Back to the Fraser Suites in Abuja. Not only a squeaky clean new hotel, but one that has been finished to a very high standard, much higher than many new hotels in Nigeria. Despite the fact that the owners are new to the industry, they understand that quality matters, and have delivered a very high quality product. Consequently, they are able to command a premium price for their rooms and apartments,and the product has been welcomed by the market, with various foreign embassies and international customers already signed up to stay there.
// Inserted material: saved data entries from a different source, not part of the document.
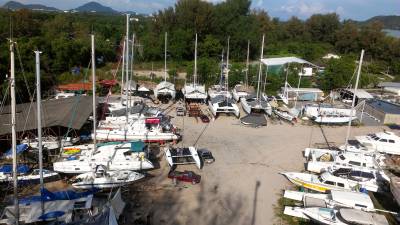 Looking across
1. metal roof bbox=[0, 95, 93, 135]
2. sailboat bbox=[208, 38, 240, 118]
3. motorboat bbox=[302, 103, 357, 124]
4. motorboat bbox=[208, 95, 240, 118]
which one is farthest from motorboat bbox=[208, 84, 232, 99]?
metal roof bbox=[0, 95, 93, 135]

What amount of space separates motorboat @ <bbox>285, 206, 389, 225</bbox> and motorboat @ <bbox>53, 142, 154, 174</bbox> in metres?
8.03

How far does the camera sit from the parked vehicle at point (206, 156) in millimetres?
21391

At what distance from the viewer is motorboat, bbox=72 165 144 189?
17.2m

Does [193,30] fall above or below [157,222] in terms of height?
above

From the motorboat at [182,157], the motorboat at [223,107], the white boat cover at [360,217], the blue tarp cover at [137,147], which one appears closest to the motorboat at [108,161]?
the blue tarp cover at [137,147]

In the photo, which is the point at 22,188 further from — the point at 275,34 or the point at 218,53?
the point at 275,34

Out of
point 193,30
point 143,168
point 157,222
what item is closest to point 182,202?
point 157,222

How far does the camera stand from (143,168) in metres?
19.5

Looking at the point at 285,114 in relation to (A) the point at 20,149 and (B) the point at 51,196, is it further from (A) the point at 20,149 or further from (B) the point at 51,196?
(B) the point at 51,196

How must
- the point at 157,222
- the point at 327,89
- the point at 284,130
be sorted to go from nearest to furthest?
the point at 157,222, the point at 284,130, the point at 327,89

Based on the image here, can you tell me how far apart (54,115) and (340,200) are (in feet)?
56.4

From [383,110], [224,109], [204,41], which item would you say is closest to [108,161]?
[224,109]

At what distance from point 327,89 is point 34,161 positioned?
107ft

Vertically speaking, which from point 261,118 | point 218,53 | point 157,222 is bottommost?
point 157,222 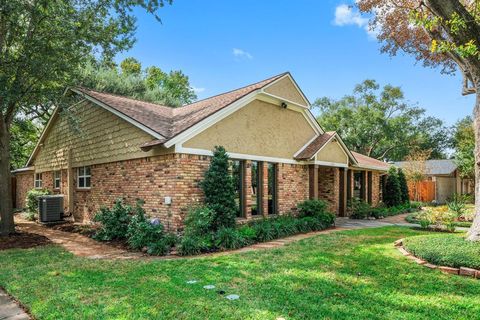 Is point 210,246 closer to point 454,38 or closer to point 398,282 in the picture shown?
point 398,282

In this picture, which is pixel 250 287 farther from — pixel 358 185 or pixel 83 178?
pixel 358 185

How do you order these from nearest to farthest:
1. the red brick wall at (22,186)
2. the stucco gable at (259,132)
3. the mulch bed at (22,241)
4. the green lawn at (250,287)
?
the green lawn at (250,287)
the mulch bed at (22,241)
the stucco gable at (259,132)
the red brick wall at (22,186)

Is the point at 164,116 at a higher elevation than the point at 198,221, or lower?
higher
I love extended-stay hotels, both as a guest and as a commentator on the industry. As a guest, I like the extra space and privacy, particularly the separation between living and sleeping (no more sitting on the bed to view the TV properly). Have I ever stayed in one for a long time? Nope! That’s not my travel behaviour. I’m usually a one or two-night man, but extended-stay hotels are just as attractive to me as they are to the guy staying for weeks or months. Whilst the operator of an extended-stay hotel would love to fill the whole inventory with long-stay guests, it rarely happens, so transients like me are also welcome, when rooms are available. According to Hilton, only a third of guests staying in their Homewood Suites hotels are long-stay, the rest are transient.
An aside about terminology. In Europe, brands tend to call their properties serviced apartments(Fraser Suites call themselves that), whilst others use the expression ‘aparthotels’. Extended- stay is a US term, which I favour, because I find that serviced apartments are often merely apartment blocks with a reception, maybe a pool and occasional housekeeping services. Brands like Fraser Suites are definitely not that, they are further along the scale to being a proper hotel. Now here’s an interesting fact– in a survey of American users of extended-stay accommodation, only 7% of business travellers, and 9.7% of leisure travellers, want a fully-fitted kitchen when on an extended trip away from home. Let’s face it, how many business travellers are likely to whip up a meal for themselves? What guests really want is a complimentary breakfast and free wi-fi – tops for almost 75% of business travellers and almost 70% of leisure travellers (Fraser Suites Abuja provides both). Who else is in this space? In our 2017 data we have 12 extended-stay hotels in the chains’ development pipelines, out of a total of 417 properties. Marriott leads with six properties, Residence Inn and Element; Frasers Hospitality has another Fraser Suites planned in Brazzaville; and there’s a Hyatt House, an Arjaan by Rotana, Accor’s Adagio and the Executive Residency by Best Western in Nairobi (now open)…not just the first of the brand in Africa but one of the first globally.
For investors, extended-stay makes a lot of sense – occupancies tend to be higher than in full- service hotels, operating expenses lower, and therefore profits are increased. So why aren’t there more extended-stay hotels in the pipeline in Africa? Partly I think it ’s because investors here are unfamiliar with the concept, and cannot envisage owning a hotel without multiple restaurants,bars, banquet halls and the like. And partly because some chains haven’t been pushing their extended-stay hotels on the continent, preferring to lead with their core brands first, and then fill in the gaps later.Well, that’s a maybe, but as far as I can determine, Fraser Suites in Abuja has taken the top spot in West Africa, at least for now.